An algorithmic approach to outlier detection and parameter estimation in Phase I for designing Phase II EWMA control chart

TESTİK M. C., Kara O., Knoth S.

COMPUTERS & INDUSTRIAL ENGINEERING, vol.144, 2020 (SCI-Expanded) identifier identifier

  • Publication Type: Article / Article
  • Volume: 144
  • Publication Date: 2020
  • Doi Number: 10.1016/j.cie.2020.106440
  • Journal Indexes: Science Citation Index Expanded (SCI-EXPANDED), Scopus, ABI/INFORM, Aerospace Database, Applied Science & Technology Source, Business Source Elite, Business Source Premier, Communication Abstracts, Compendex, Computer & Applied Sciences, INSPEC, Metadex, DIALNET, Civil Engineering Abstracts
  • Hacettepe University Affiliated: Yes


Industry 4.0 vision is bringing more challenges to quality practitioners. With advances in data acquisition systems and lowered costs, it is not uncommon in production systems to have more quality characteristics to be monitored. Once a control chart design is given, monitoring of a quality characteristic can be simplified by using a computer program that does the control statistic calculations and plots these together with the control limits over time. Then, operators trained on operational use of control charts can look for root causes of alarms triggered and take corrective actions. Nevertheless, design of a control chart requires considerable amount of time and sound knowledge on statistical methods. To eliminate the labor and automate the design of a control chart, algorithmic approaches are required to be implemented as instructions for computer programs. To serve this purpose, Shewhart individuals (I-) chart with various design choices is used in the following to algorithmically detect and eliminate outliers in the Phase I sample for estimating unknown process parameters. Hence, our approach is not restricted with the assumption of exclusively in-control observations in the sample as typically considered in the literature for evaluating the effects of parameter estimation. Estimated parameters are then incorporated into the design of exponentially weighted moving average (EWMA) chart, which is used in Phase II for process monitoring.
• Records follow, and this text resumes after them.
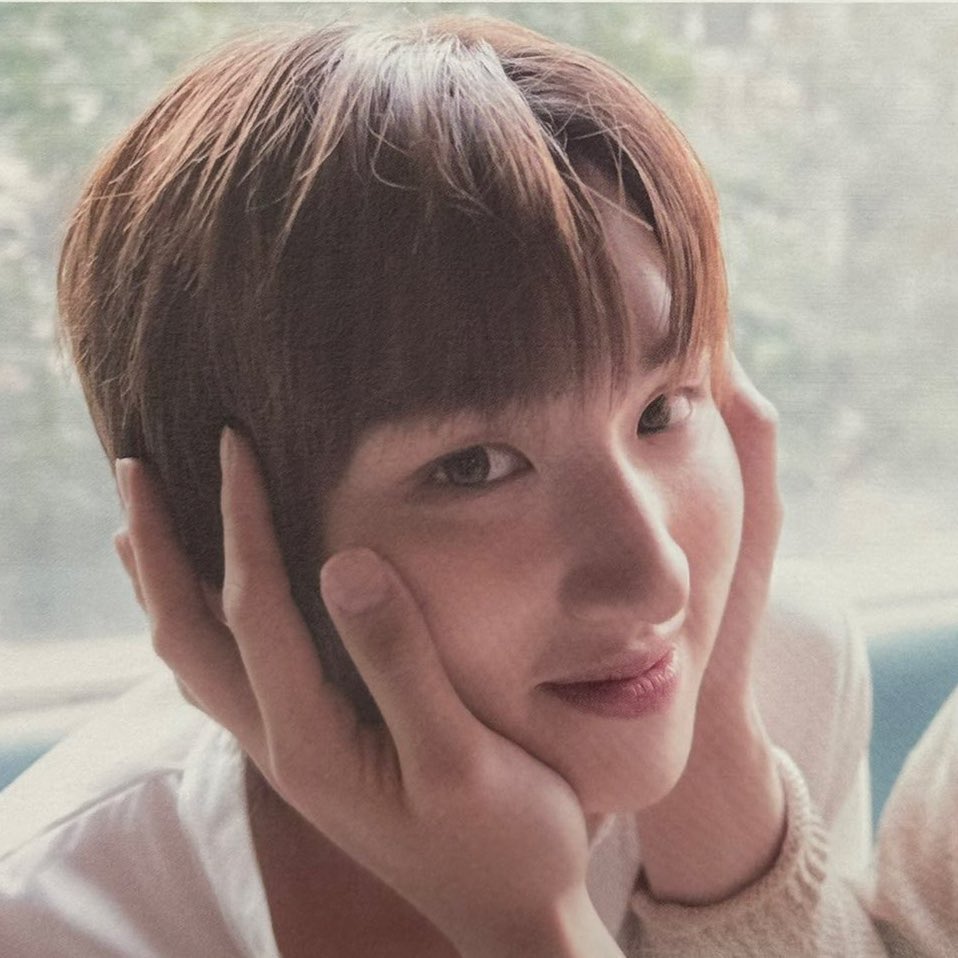 — ผอพอ ♡︎ tweet media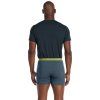 Men’s Rab Syncrino Boxers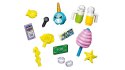 LEGO Friends 42703 - Syrenkowa kolejka górska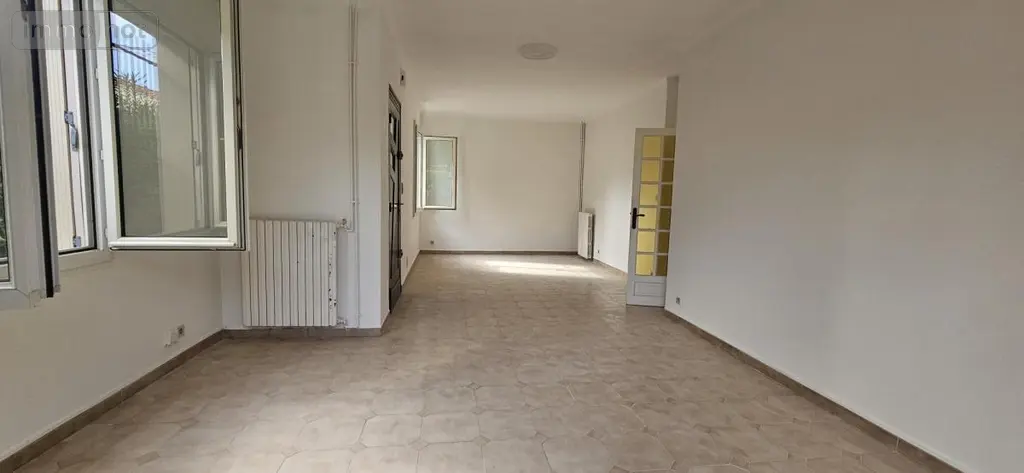Maison a vendre Montpellier 34090 Hérault 34 86 m2 4 pièces 472250 euros 34019-492 006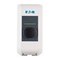 Eaton xChargeIn A Series
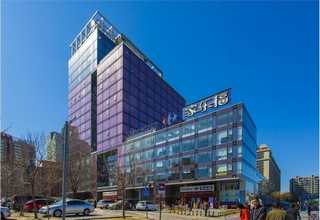 常州監(jiān)護(hù)型救護(hù)車擔(dān)架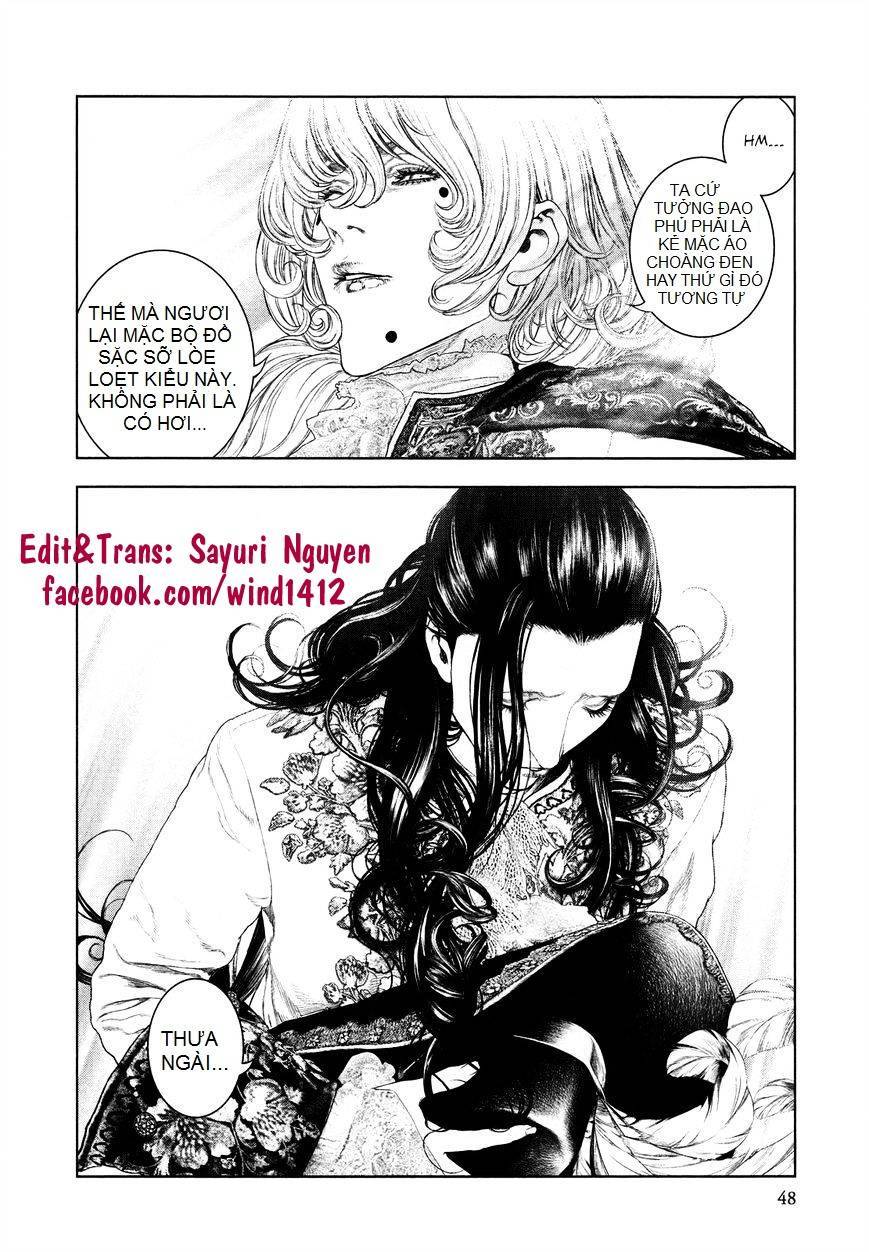 innocent chapter 56 5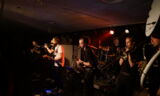FinestXi@HandoutBand(6).JPG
Average and standard deviation of average run length performances of the EWMA chart are used as metrics, these are computed by using integral equations, and the results are assessed by an algorithm proposed for systematically generating knowledge on how to estimate process parameters and design the EWMA chart. The approach is general and can be implemented with alternative Phase I and Phase II control charts.